Common names: Namaqua dwarf adder, spotted dwarf adder, Schneider's adder.

Bitis schneideri is a species of venomous snake in the subfamily Viperinae of the family Viperidae. The species is native to a small coastal region that straddles the border between Namibia and South Africa. B. schneideri is the smallest species in the genus Bitis and possibly the world's smallest viper. There are no subspecies that are currently recognized as being valid.

==Etymology==
The specific name, schneideri, was given by Oskar Boettger in honor of "Dr. Oskar Schneider in Dresden ", a friend of Boettger. Oskar Schneider (1841–1903) was a conchologist.

==Description==
With an average total length (including tail) of 18–25 cm (7–10 in) and a maximum reported total length of 28 cm, B. schneideri is the smallest species of the genus Bitis and possibly the world's smallest viperid.

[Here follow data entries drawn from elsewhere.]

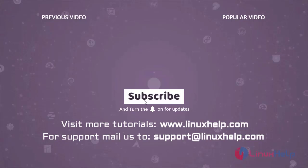If you have any queries, email us at support@linuxhelp.com.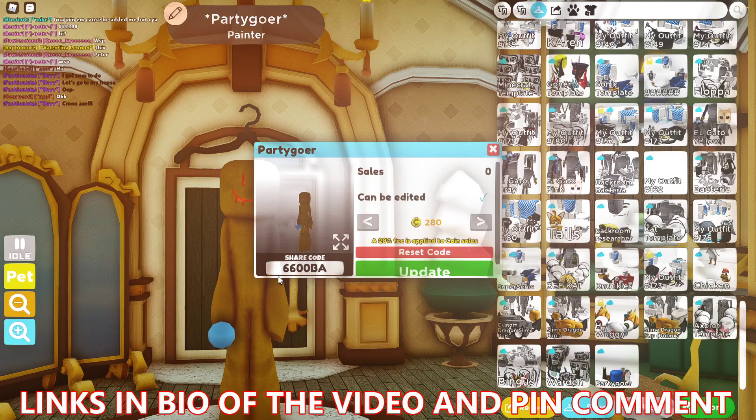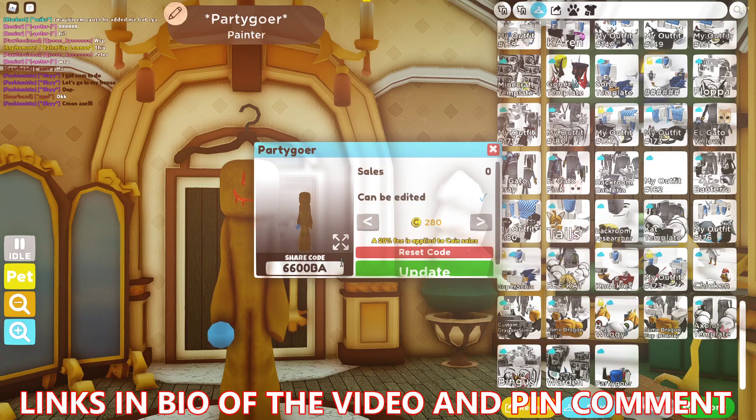And this is the code, so yeah, that's about it. Thank you for watching, drop a like and subscribe if you want to, and see you guys in my next videos.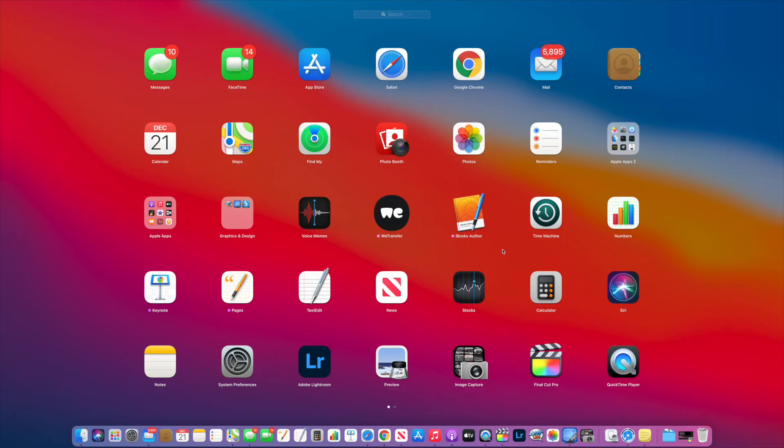And in jiggle mode you can delete apps. If you like this video, please subscribe to my channel and check out my other videos on how to use Launchpad. Peace out.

==Geographic range and habitat==
Bitis schneideri ranges from the white coastal sand dunes of Namibia, near Lüderitz, south to Hondeklip Bay, Little Namaqualand, South Africa. Mallow et al. (2003) describe the range as the transitional regions of the Namib Desert. The viper's habitat comprises a comparatively narrow strip of coastal dunes that appears to be characterized by particularly low seasonality, i.e. small temperature differences between seasons. The range may extend up to 60 km inland in the Sperrgebiet of southern Namibia.

The type locality given is "Angra Pequenia" [ Lüderitz Bay, Namibia].

==Ecology==
Populations of B. schneideri naturally appear to be subject to unusually high annual mortality (39–56%) due to their small size and existence in a very predator-rich environment. As a consequence, it is likely that the species has evolved a higher rate of reproduction (once every year) than is usual among viperids, who commonly only reproduce every other year or more rarely. B. schneideri is viviparous.

==Venom==
An account is provided by Hurrell (1981) of a bite he sustained on his left index finger. The symptoms included intense pain, pronounced swelling, discoloration and oozing of serum from the punctures. After 24 hours, a 5 mm hematoma developed at the bite site. His condition stabilized after three to four days, with the swelling and pain gradually subsiding. Healing was complete after two weeks, with no loss of function or sensation of the afflicted digit. Minimal local tissue damage and no systemic effects were reported. No antivenin is available for this species.